Fox stuck with the idea after graduation in 2005, and is hoping to fire up the company's first biodiesel plant in India this summer. Familiar Fuels will make biodiesel from a hardy plant crop grown by local farmers, and will sell the fuel directly to fishermen. If the model works, Familiar Fuels will eventually sell franchises.

Paul Frankel, Environmental Entrepreneurship lecturer at Stanford, also sat on the panel. Frankel manages Ecosa Capital, a socially and environmentally responsible investment firm, and he dissected Fox's idea through a business lens. Are fishermen going to trust that the new fuel won't destroy their engines? Has Fox found local partners in India to build confidence in the product? Will the idea catch on widely enough to be self-sustaining and turn a profit for Familiar Fuels?

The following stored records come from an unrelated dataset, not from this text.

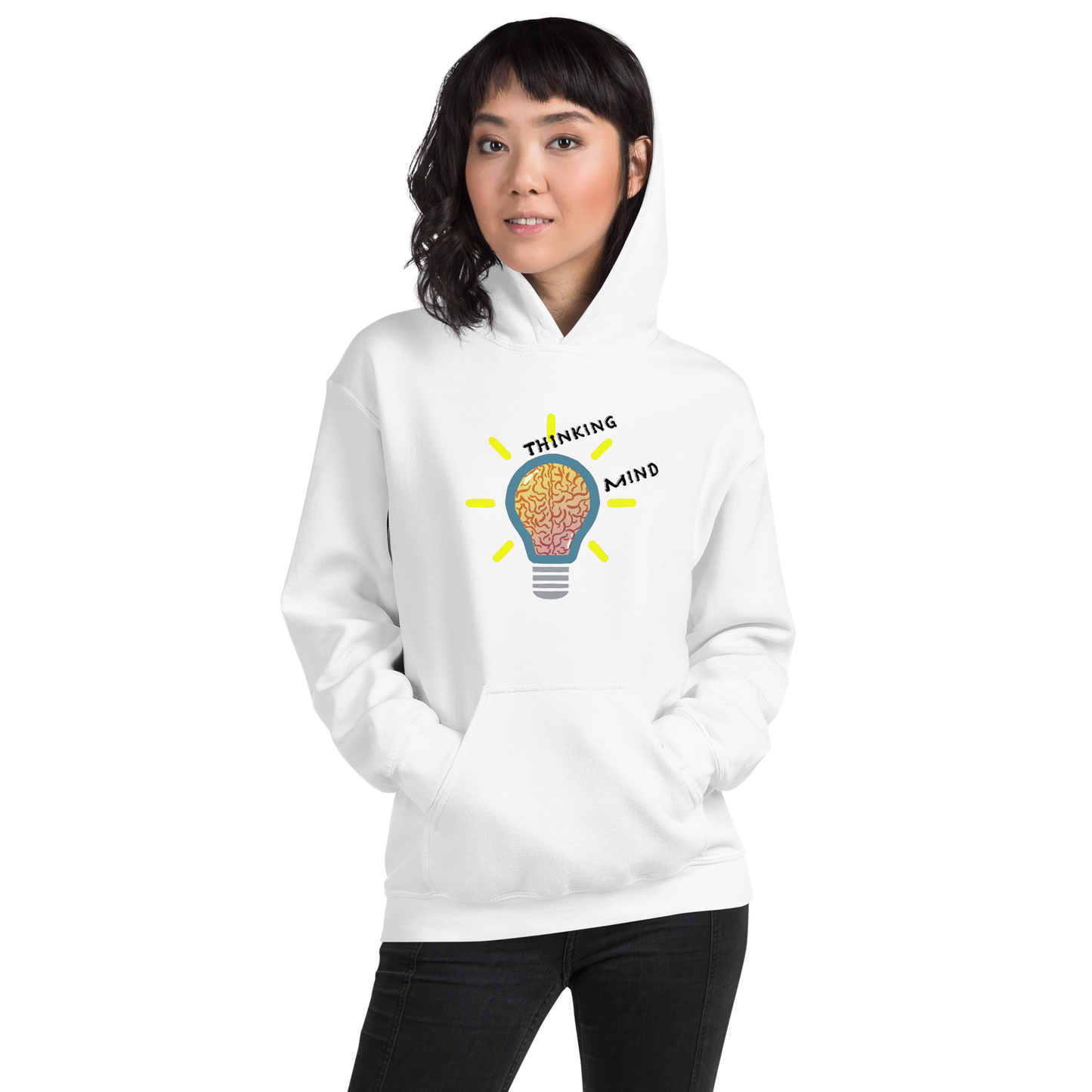Thinking Mind Unisex Hoodie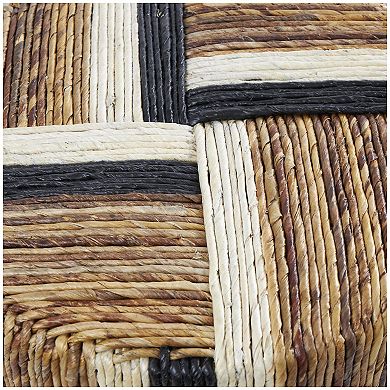 Stella & Eve Handmade Linear Wrapped Side End Accent Table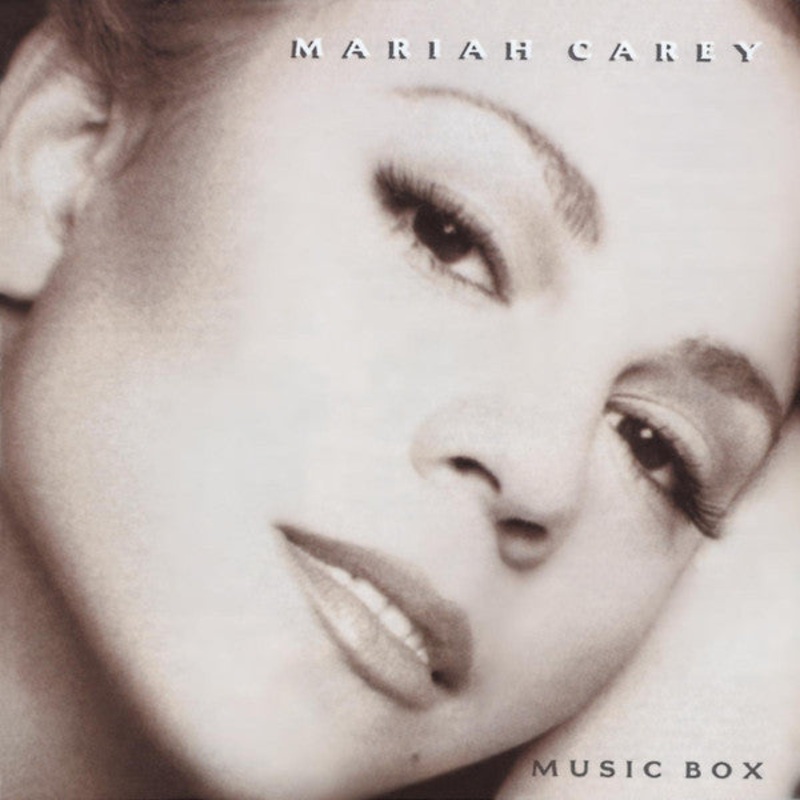 Mariah Carey – Music Box (CD, Album) (Fair (F))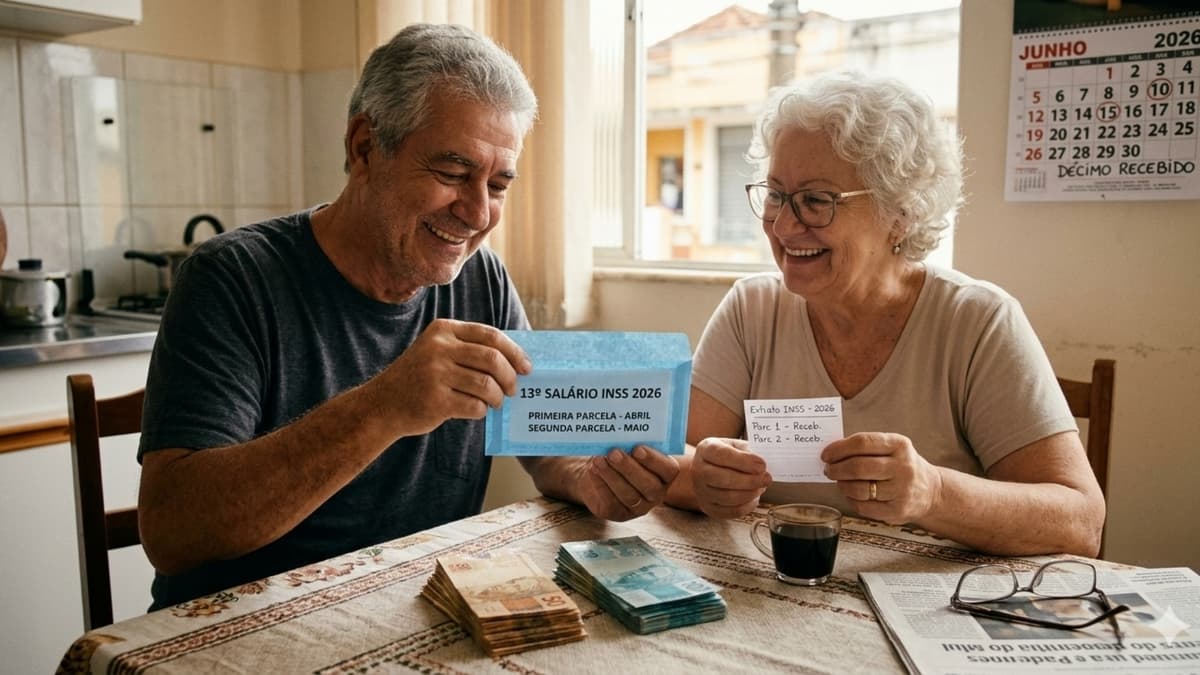 13º salário: como funciona o pagamento em duas parcelas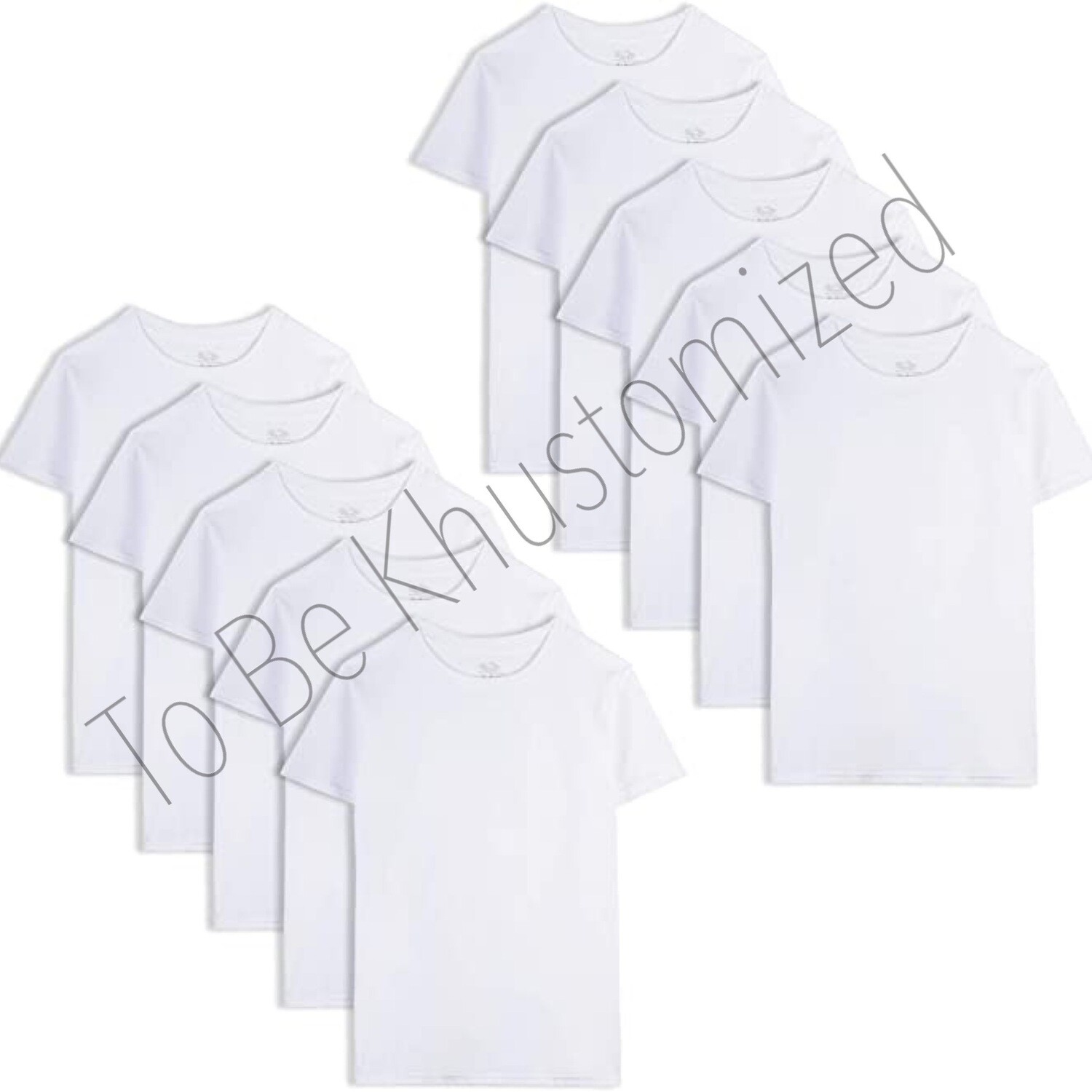 Khustomize Shirts (Plain Text Only)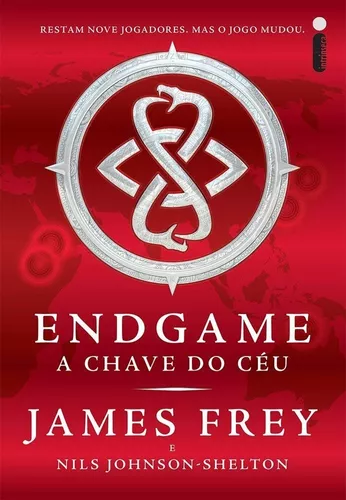 Livro Endgame : O Chamado Por James Frey Editora Intrínseca Literatura  Estrangeira Jogos Aventura Ficção Capa Comum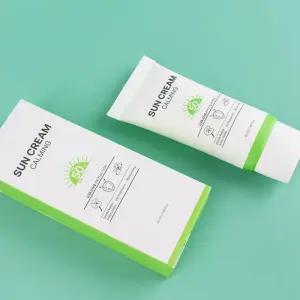 [룽스_62]수분공급 병풀추출물 자외선방어 선크림 50ml
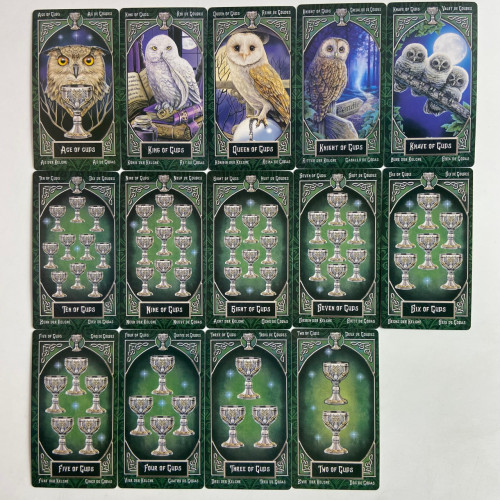 Карты Таро - Фамильяров, уменьшенная (Familiars Tarot by Lisa Parker) Карты Таро - Фамильяров, уменьшенная (Familiars Tarot by Lisa Parker)
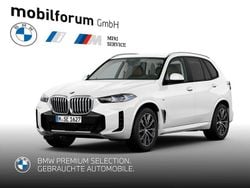 Weiß Gebraucht 2024 BMW X5 M Sport SUV | 74.310 € (Superpreis)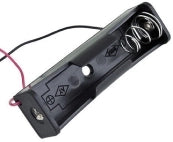 Portapile per 1 batteria 18650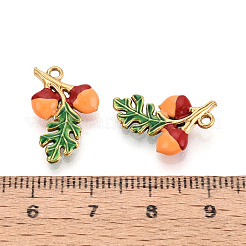 Подвески из нержавеющей стали 304 с эмалью&nbsp;STAS-N124-16G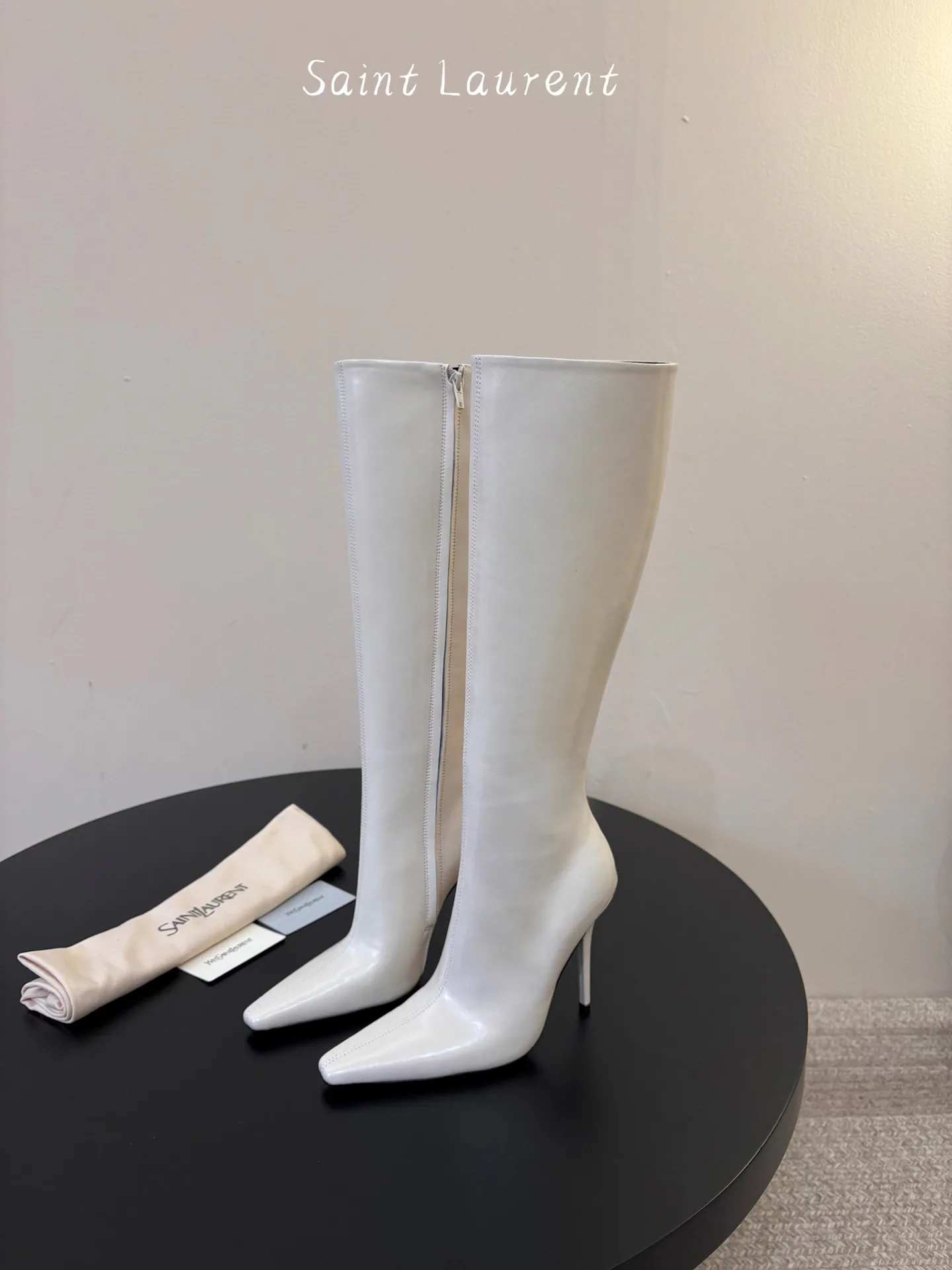 Сапоги Женские Saint Laurent 18607870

Both Frankel and Fox are optimistic about the company's prospects. Familiar Fuels attempts to solve a well-defined problem—access to diesel fuel—for which there is potentially a large market. In his class, which is offered through the Public Policy and Earth Systems departments, Frankel teaches environmentally-minded entrepreneurs to mine their ideas for profit potential, because profits allow socially-responsible businesses to stay afloat once the startup money runs out.

A Worldwide Solution

Michael Powers, who cofounded Stellar Solar LLP and helped launch Home Depot's national solar energy program, might seem an unlikely advocate for more power lines fed primarily by polluting power plants. But Powers is an advocate for the Global Energy Network, a worldwide energy-sharing plan that would allow regions to buy energy from the other side of the globe during peak demand periods rather than keep extra local plants on standby.

Buckminster Fuller, father of the geodesic dome, first hatched the Global Energy Network idea in the 1970s, arguing that the world's energy problem is one of distribution, not of supply. At any given hour on the planet, one side of the globe is asleep and the other is idling power plants in the event that residents put their thermostats on overdrive. For example, at 8 a.m. in Los Angeles, when residents need the most power, it's nighttime in Shanghai, where utilities could easily trade away excess power. Many regions already share energy this way, and with new transmission lines linking continents, utility managers could send excess energy across the globe instantaneously.

"It's not as impressive to put the name of a prime minister on the side of a tower … but what societies need is better connections," Powers said.